(WHAT THIS TASK INVOLVES)
Please return all records verbatim, no pictures.
☆ ☆ ☆ ☆
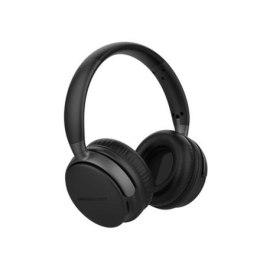 Energy Sistem Power Radio - Zestaw słuchawkowy Bluetooth z radiem FM Nauszny, Wbudowany mikrofon, Czarny, Bezprzewodowy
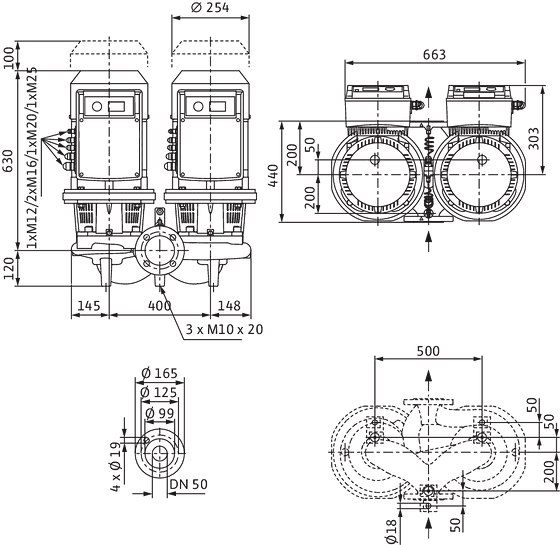 WILO CronoTwin DL-E 50/180-7,5/2-R1-S1 -Art. 2171098
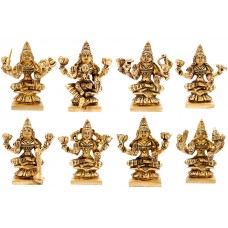 Ashta Laxmi in Brass Big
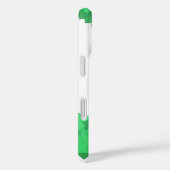 Coques Case-Mate iPhone Dragon cœur vert sur fond blanc (Verso / Droite)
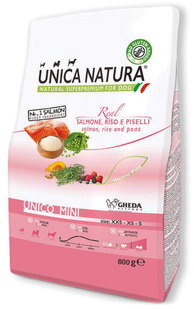 Gheda Unica Natura Unico Mini Salmon, Rice & Peas - корм для щенков и собак мелких пород (лосось, рис и горох) Petmarket
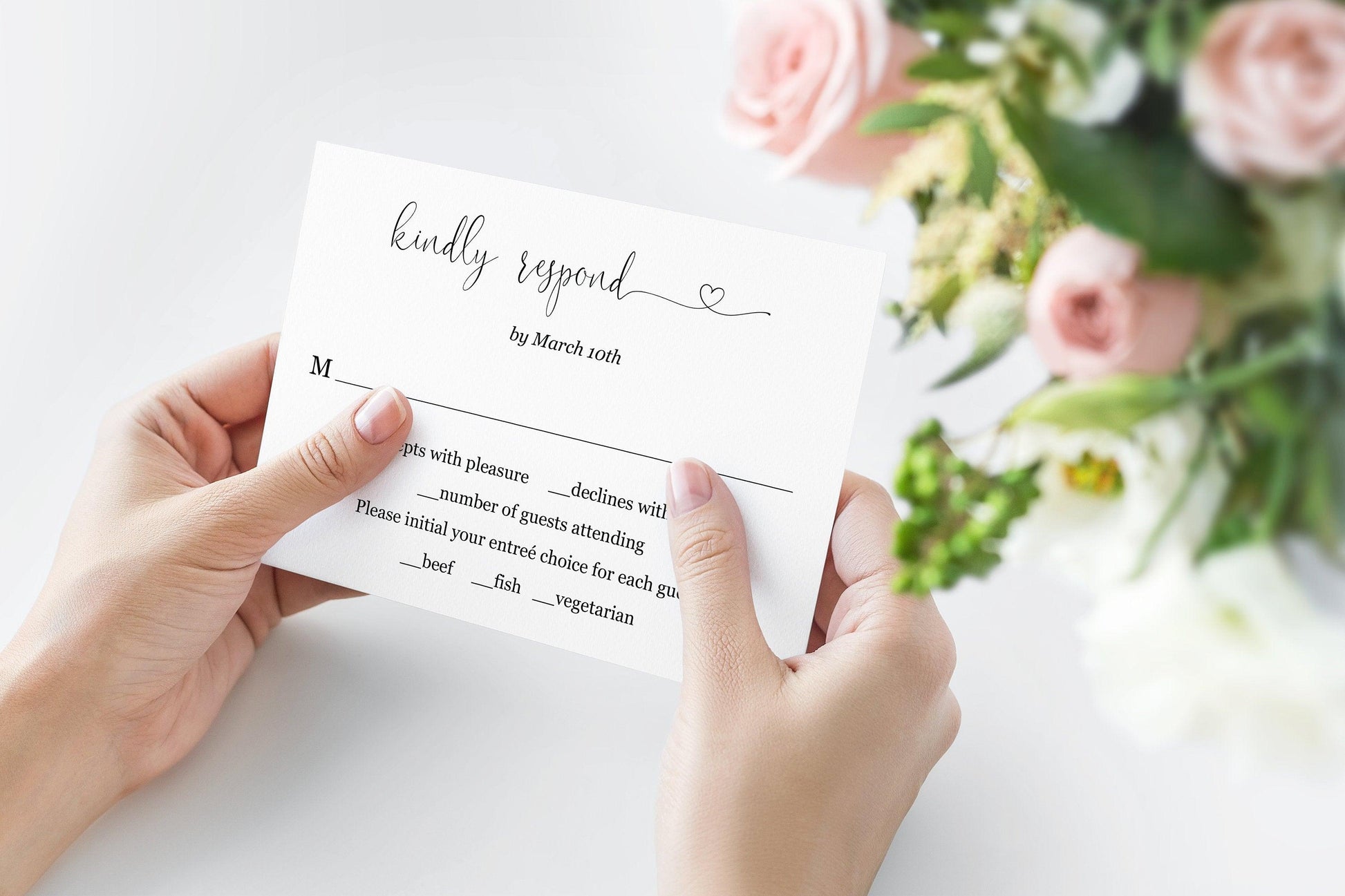 RSVP Card Template, Wedding RSVP, Response Card, RSVP cards, Rustic Wedding, Printable rsvp, Wedding Response - Heather - SAVVY PAPER CO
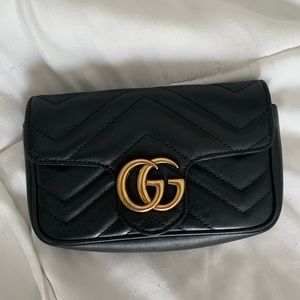 Gucci Supermini Marmont Matelassé Leather Bag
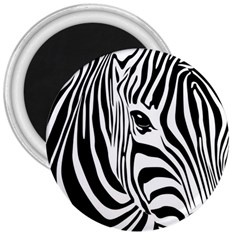 Animal Cute Pattern Art Zebra 3  Magnets by Amaryn4rt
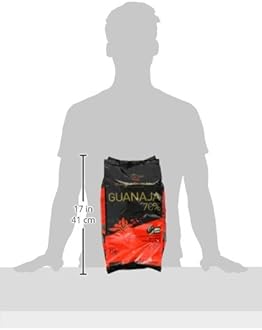 Valrhona Dark Chocolate - 70% Cacao - Guanaja - 6 lbs 9 oz bag of feves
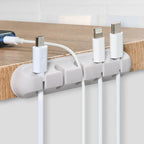 Cable Organizer - Cable Clips for 3/5/7" Cables - Self-Adhesive Cable Clips - White - 3 Pieces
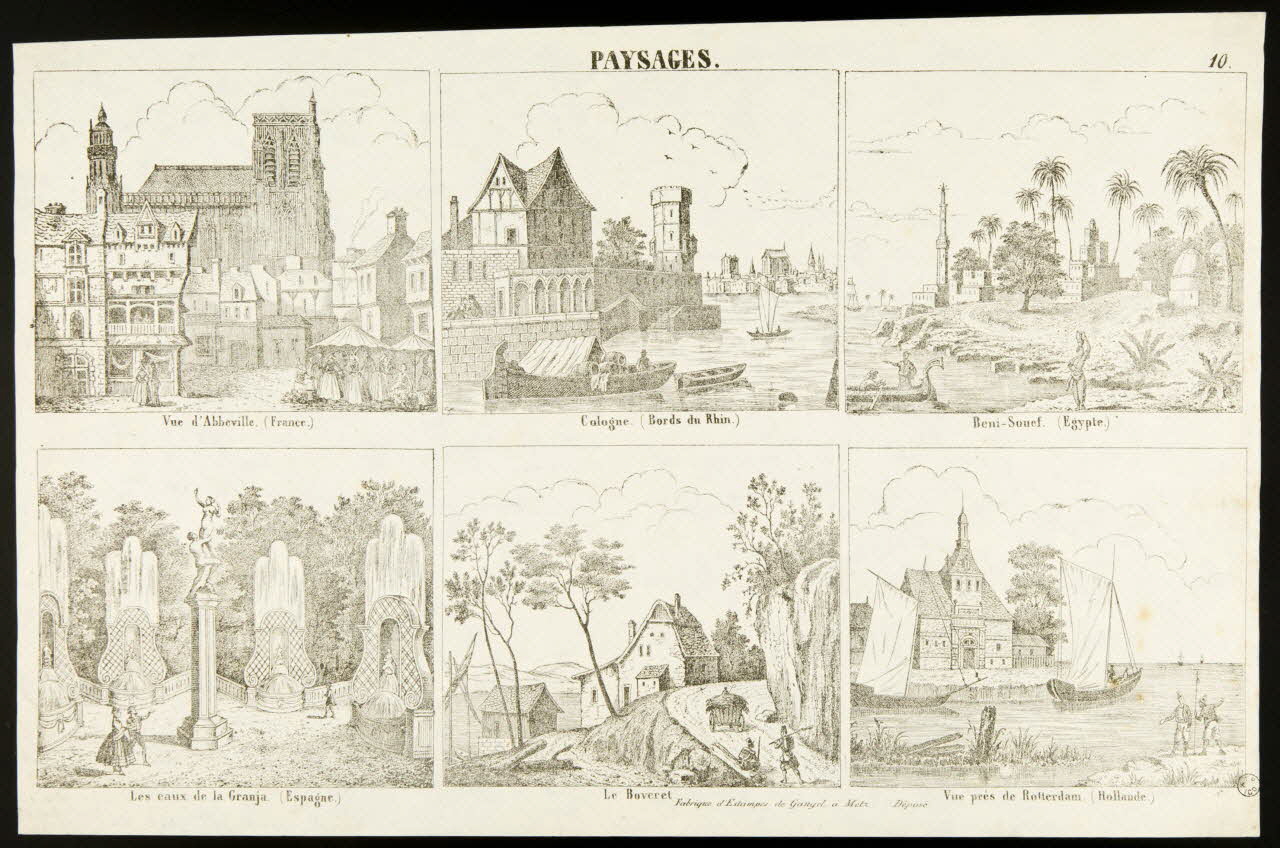 Charles Nicolas Gangel estampe PAYSAGES. Metz 1852-1858 1953.86.4711 Photo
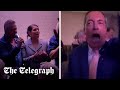 Priti Patel and Nigel Farage sing at Conservative Party conference karaoke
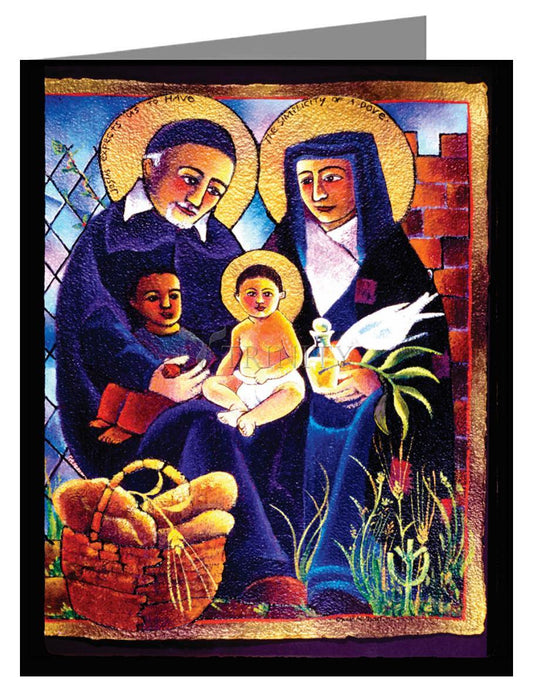 Sts. Vincent and Louise - Note Card by Br. Mickey McGrath, OSFS - Trinity Stores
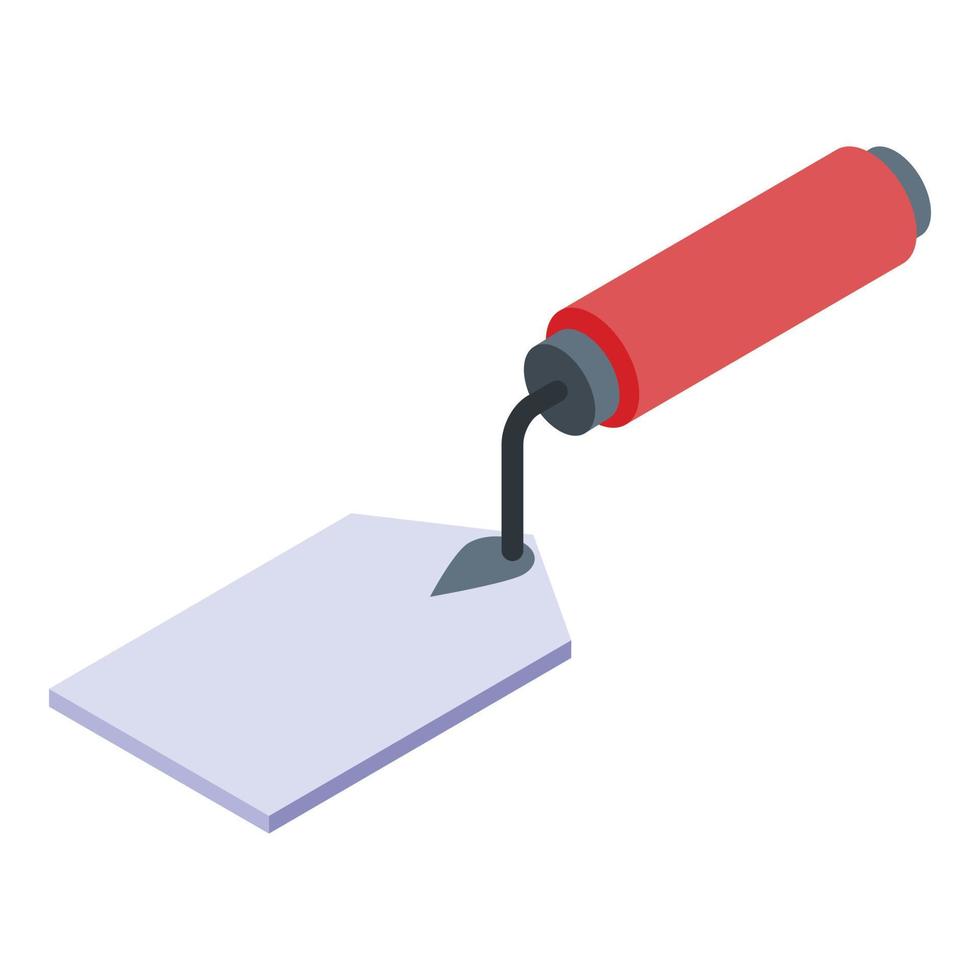 Flat trowel icon, isometric style vector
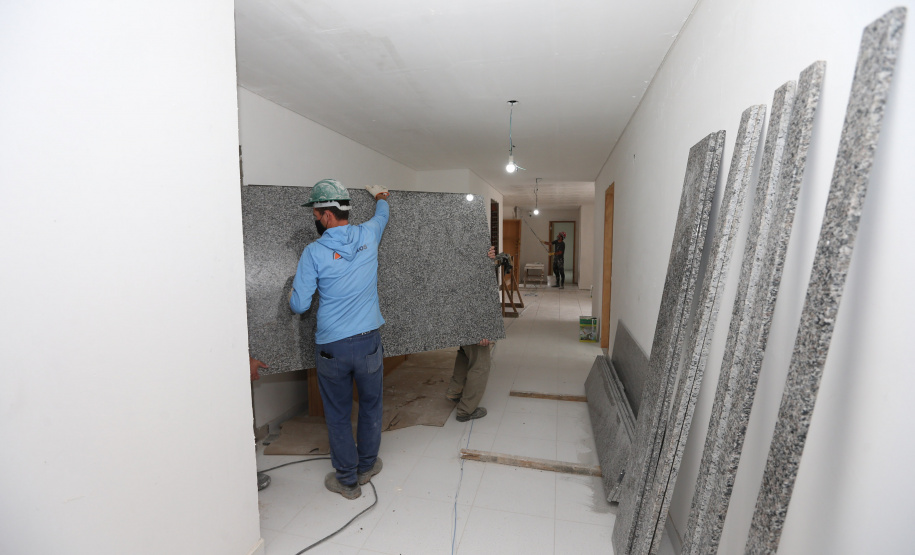 Delegacia Colombo Construcao da Delegacia Cidada de Colombo. A delegacia cidadã é um novo modelo de atendimento em delegacias no Paraná, com espaços específicos e reservados para separar vítimas de agressores e possibilidade de auxílio de assistentes sociais e psicólogos, quando necessário. Colombo - 02/09/2020 - Foto: Geraldo Bubniak/AEN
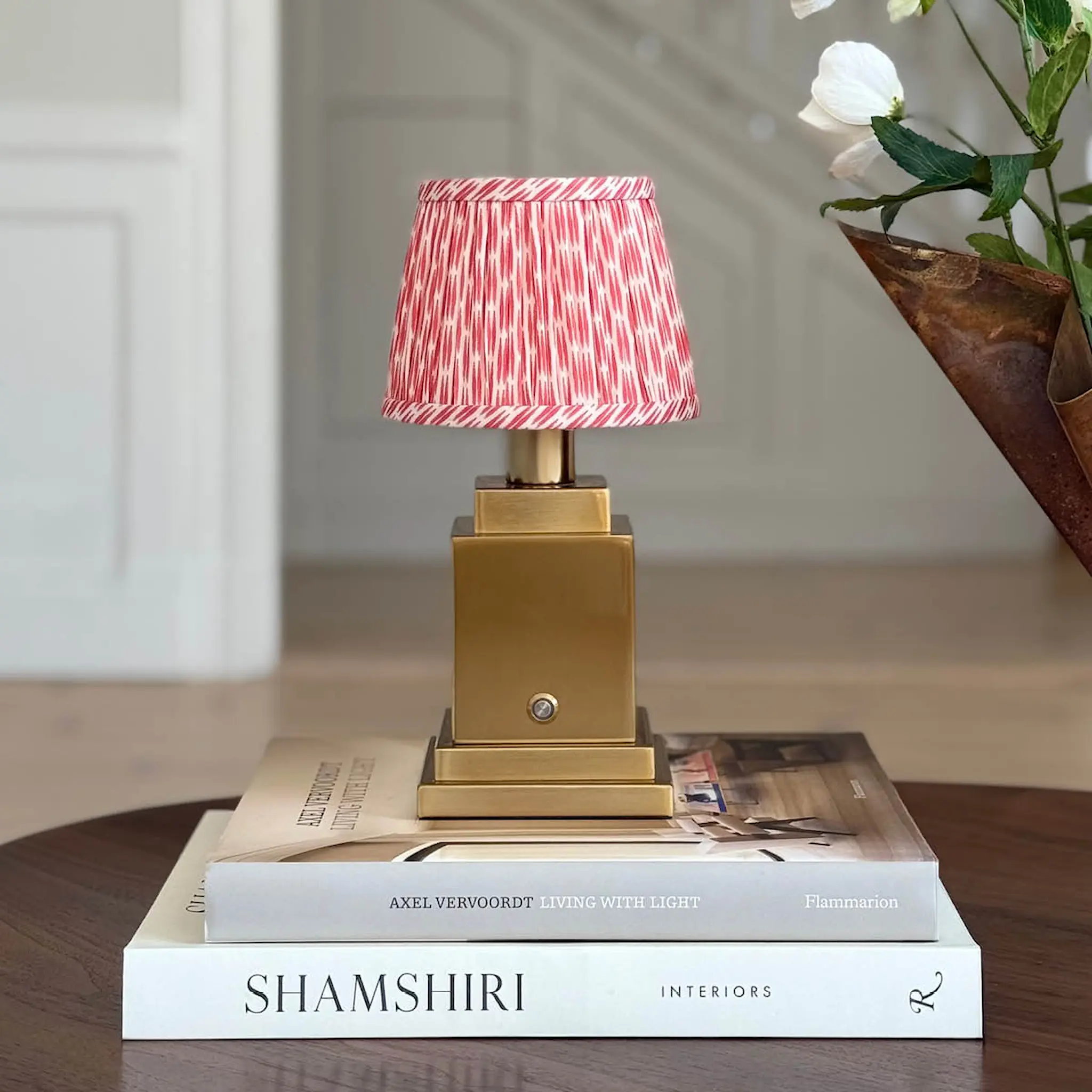 Von Norten Lampskärm 14 cm Red Ikat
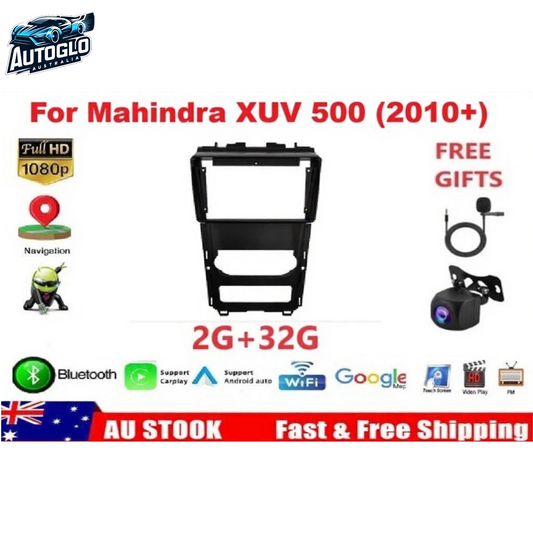 Autoglo Australia 9" CarPlay Android For MAHINDRA XUV500 (2010+) GPS BT WiFi (2GB+32GB)
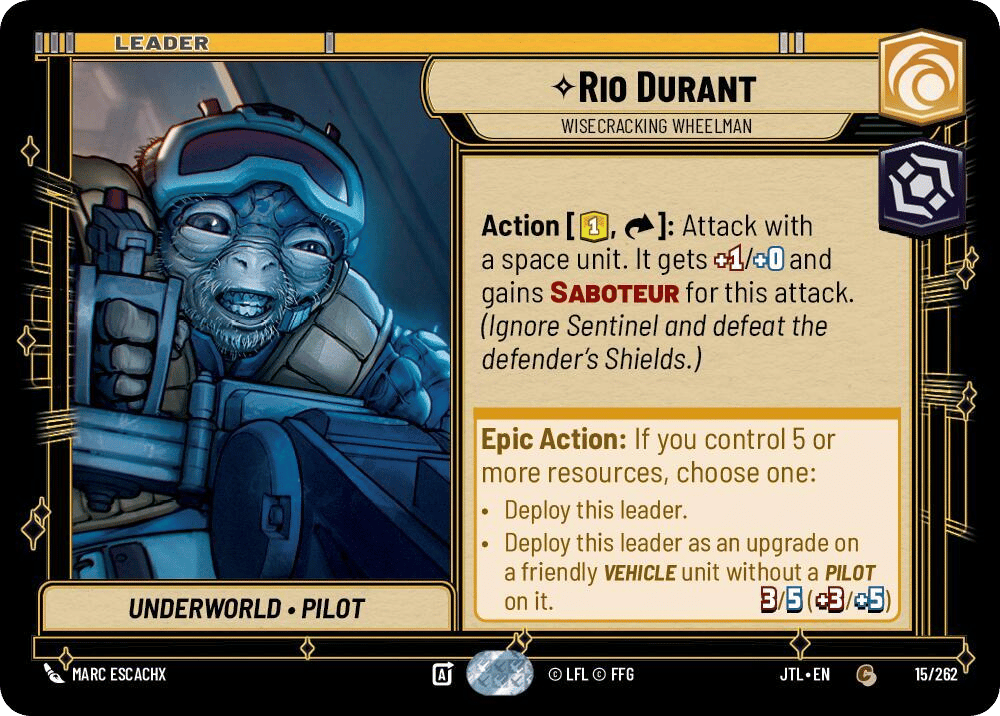 ⟡ Rio Durant, Wisecracking Wheelman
☆ ☆ ☆ ☆
(SOLUTION FOR THIS TASK)
 Energy Sistem Power Radio - Zestaw słuchawkowy Bluetooth z radiem FM Nauszny, Wbudowany mikrofon, Czarny, Bezprzewodowy
 WILO CronoTwin DL-E 50/180-7,5/2-R1-S1 -Art. 2171098
 Ashta Laxmi in Brass Big
 Coques Case-Mate iPhone Dragon cœur vert sur fond blanc (Verso / Droite)
 Gheda Unica Natura Unico Mini Salmon, Rice & Peas - корм для щенков и собак мелких пород (лосось, рис и горох) Petmarket
 RSVP Card Template, Wedding RSVP, Response Card, RSVP cards, Rustic Wedding, Printable rsvp, Wedding Response - Heather - SAVVY PAPER CO
 Gucci Supermini Marmont Matelassé Leather Bag
 Animal Cute Pattern Art Zebra 3  Magnets by Amaryn4rt
 Valrhona Dark Chocolate - 70% Cacao - Guanaja - 6 lbs 9 oz bag of feves
 Cable Organizer - Cable Clips for 3/5/7" Cables - Self-Adhesive Cable Clips - White - 3 Pieces
 Charles Nicolas Gangel estampe PAYSAGES. Metz 1852-1858 1953.86.4711 Photo
 Priti Patel and Nigel Farage sing at Conservative Party conference karaoke
 Sts. Vincent and Louise - Note Card by Br. Mickey McGrath, OSFS - Trinity Stores
 Flat trowel icon, isometric style vector
 Delegacia Colombo Construcao da Delegacia Cidada de Colombo. A delegacia cidadã é um novo modelo de atendimento em delegacias no Paraná, com espaços específicos e reservados para separar vítimas de agressores e possibilidade de auxílio de assistentes sociais e psicólogos, quando necessário. Colombo - 02/09/2020 - Foto: Geraldo Bubniak/AEN
 Von Norten Lampskärm 14 cm Red Ikat
 Autoglo Australia 9" CarPlay Android For MAHINDRA XUV500 (2010+) GPS BT WiFi (2GB+32GB)
 ⟡ Rio Durant, Wisecracking Wheelman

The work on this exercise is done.